## Problem details
Repeat the listing below line by line, exactly, leaving its pictures behind.

## Supplied information
+---+

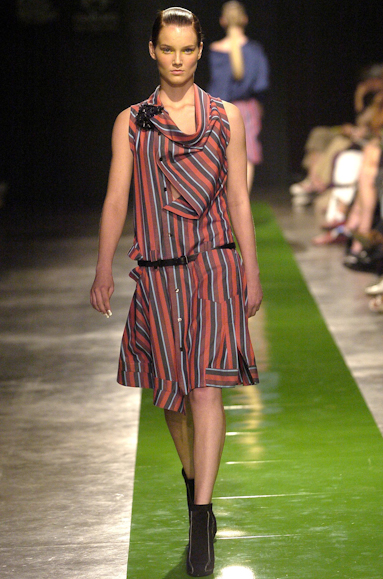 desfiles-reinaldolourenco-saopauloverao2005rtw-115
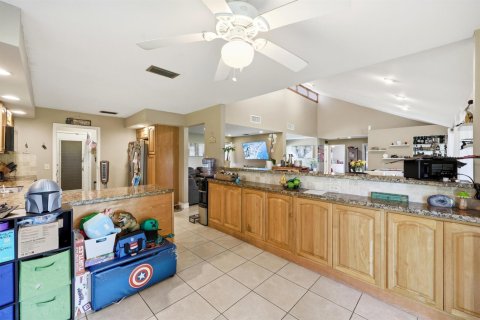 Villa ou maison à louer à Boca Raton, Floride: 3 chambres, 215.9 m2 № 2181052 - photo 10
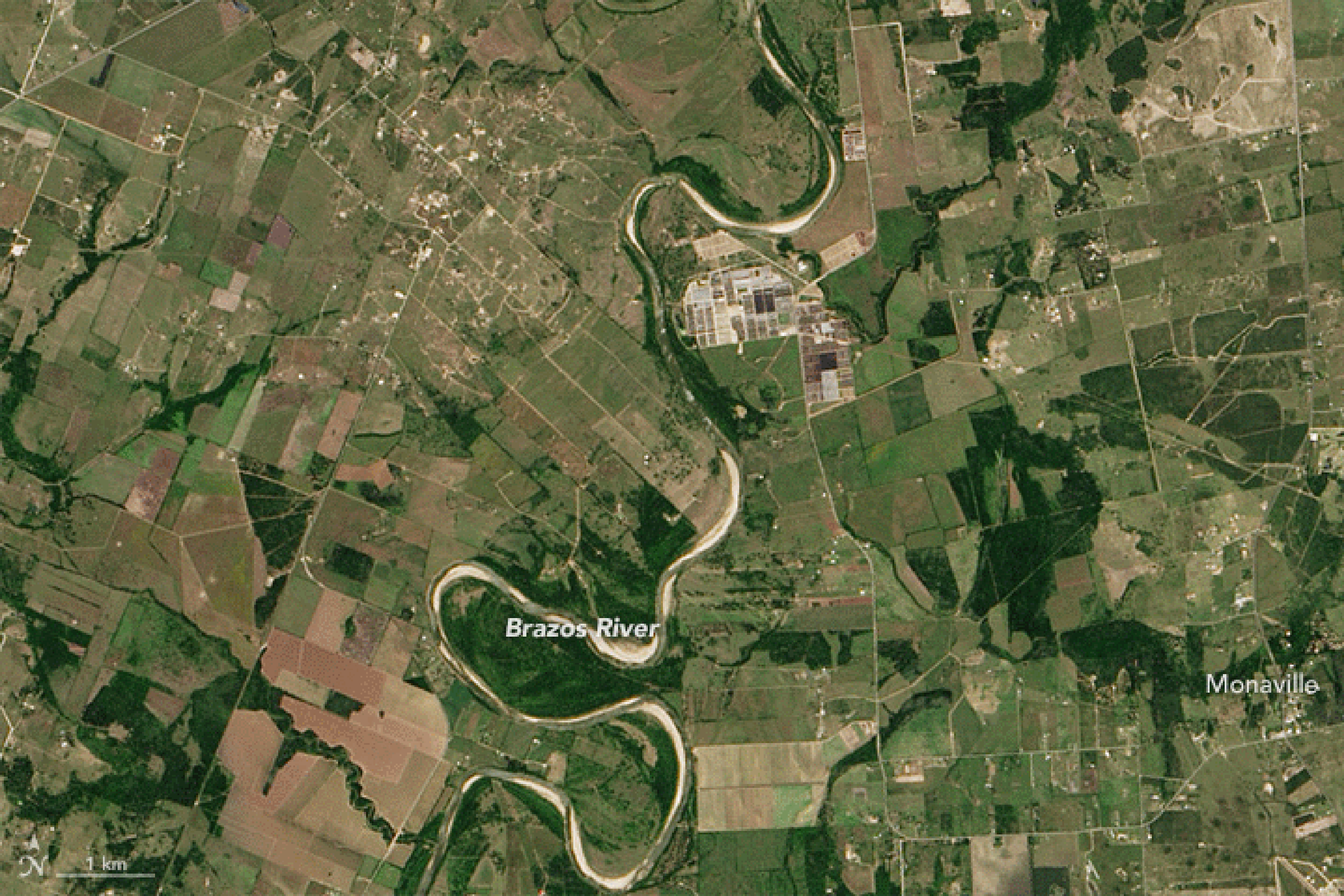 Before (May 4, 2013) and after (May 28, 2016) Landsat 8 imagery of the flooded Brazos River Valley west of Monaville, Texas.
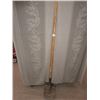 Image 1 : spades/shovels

+---+

## Result of this exercise
 desfiles-reinaldolourenco-saopauloverao2005rtw-115
 Villa ou maison à louer à Boca Raton, Floride: 3 chambres, 215.9 m2 № 2181052 - photo 10
 Before (May 4, 2013) and after (May 28, 2016) Landsat 8 imagery of the flooded Brazos River Valley west of Monaville, Texas.
 Image 1 : spades/shovels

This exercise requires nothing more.